En leur temps, les Jeunesses Communistes avaient besoin d’un modèle. Julius Fučík donna l’inspiration aux jeunes générations, désireuses de faire leur place au sein du régime et sa fin héroïque reste un formidable outil de promotion pour le Parti. « Ecrit sous la potence » nourrit le mythe. Pendant longtemps, cet héroïsme communiste est resté ancré dans les esprits en Tchécoslovaquie et idéalisé. En 1955, Milan Kundera, lui-même, publiait une pièce de théâtre politique consistant à rendre hommage à Julius Fučík, « un héros de la résistance communiste contre l’occupation nazie en Tchécoslovaquie pendant la 2e Guerre Mondiale. »

Au début des années 1950, le culte de Fučík (car il était devenu l'objet d'un culte officiellement imposé) était hautement désagréable. Il y avait beaucoup de héros de la résistance antinazie comme lui, des gens qui, contrairement à lui, étaient prêts à mourir s'ils pouvaient emmener un ou deux ennemis avec eux. Mais, sans que

ce soit la faute de Fučík, les autres, pour la plupart non communistes, comme les pilotes de chasse tchécoslovaques à la bataille d'Angleterre ou les parachutistes tchèques et slovaques qui ont tué Heydrich (le vice-gouverneur du Reich en Bohême-Moravie), ont été étouffés et éliminés de l'histoire tchèque. Heureusement pas pour toujours ! Pourtant, les communistes traitaient Fučík non seulement comme une personne qui se démarque dans un groupe, mais comme le seul combattant antinazi digne de mention. Les principaux éléments du livre ont été cités à n’en plus finir non seulement par les officiers chargés de l'endoctrinement politique, mais aussi par les officiers chargés des activités culturelles.

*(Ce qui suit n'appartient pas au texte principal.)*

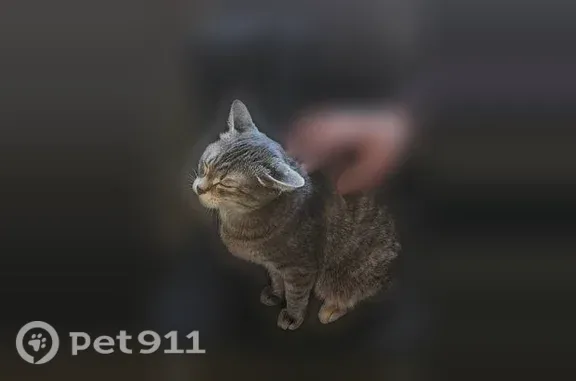 Пропала кошка, Островского, д. 62, Барнаул — тихая спокойная, любит прятаться - photo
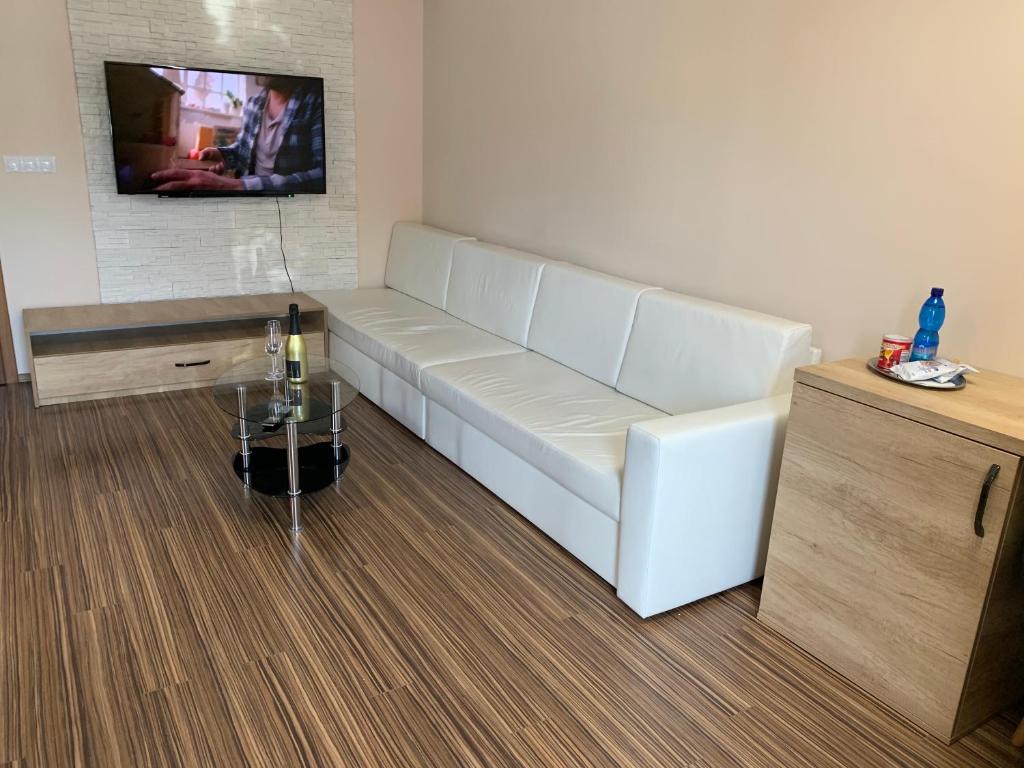 TV o dispositivi per l'intrattenimento presso ELTAKO penzion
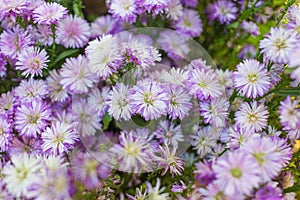 Symphyotrichum cordifolium, commonly known as the common blue aster. blue wood-aster and blue-purple wood asters It is a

Personnellement, je ne vois pas « un livre » à proprement parlé dans ces feuillets manuscrits rassemblés et publiés. Leur teneur qui est fondée sur une fidélité indéfectible à l’U.R.S.S., à Lénine, à Staline, me semble déjà après toutes ces années, appartenir à un autre âge.



De ce fait, je ne lui attribue que 3,5/5.